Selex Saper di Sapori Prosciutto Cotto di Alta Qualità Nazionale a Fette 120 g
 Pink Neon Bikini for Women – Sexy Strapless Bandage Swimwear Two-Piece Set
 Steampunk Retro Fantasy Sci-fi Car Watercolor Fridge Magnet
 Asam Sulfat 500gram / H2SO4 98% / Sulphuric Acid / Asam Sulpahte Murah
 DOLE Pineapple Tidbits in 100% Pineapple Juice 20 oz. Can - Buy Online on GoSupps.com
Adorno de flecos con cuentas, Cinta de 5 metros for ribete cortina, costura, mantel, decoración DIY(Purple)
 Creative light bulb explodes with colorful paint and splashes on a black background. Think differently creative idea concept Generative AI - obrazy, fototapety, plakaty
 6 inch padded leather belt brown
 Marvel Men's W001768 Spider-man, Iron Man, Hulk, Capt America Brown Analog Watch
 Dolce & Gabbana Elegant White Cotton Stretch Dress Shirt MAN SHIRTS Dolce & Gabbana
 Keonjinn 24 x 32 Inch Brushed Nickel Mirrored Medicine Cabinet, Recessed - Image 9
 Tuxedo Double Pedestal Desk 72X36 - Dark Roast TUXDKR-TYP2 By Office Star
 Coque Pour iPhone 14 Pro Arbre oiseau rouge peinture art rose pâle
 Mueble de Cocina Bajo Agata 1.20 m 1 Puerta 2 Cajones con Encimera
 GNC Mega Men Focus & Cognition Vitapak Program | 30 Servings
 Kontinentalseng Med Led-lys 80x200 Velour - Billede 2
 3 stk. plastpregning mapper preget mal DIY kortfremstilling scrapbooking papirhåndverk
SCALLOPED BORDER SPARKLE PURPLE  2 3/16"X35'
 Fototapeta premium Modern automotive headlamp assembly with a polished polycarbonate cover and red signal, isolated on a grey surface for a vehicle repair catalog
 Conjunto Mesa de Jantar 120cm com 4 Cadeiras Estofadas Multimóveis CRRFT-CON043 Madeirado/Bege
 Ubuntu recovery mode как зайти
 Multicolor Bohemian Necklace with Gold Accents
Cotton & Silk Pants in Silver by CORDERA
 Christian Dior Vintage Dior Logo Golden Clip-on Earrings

——

§ Instructions to follow
State how many lines of the listing include "Cotton", and write nothing else.

§ Output
2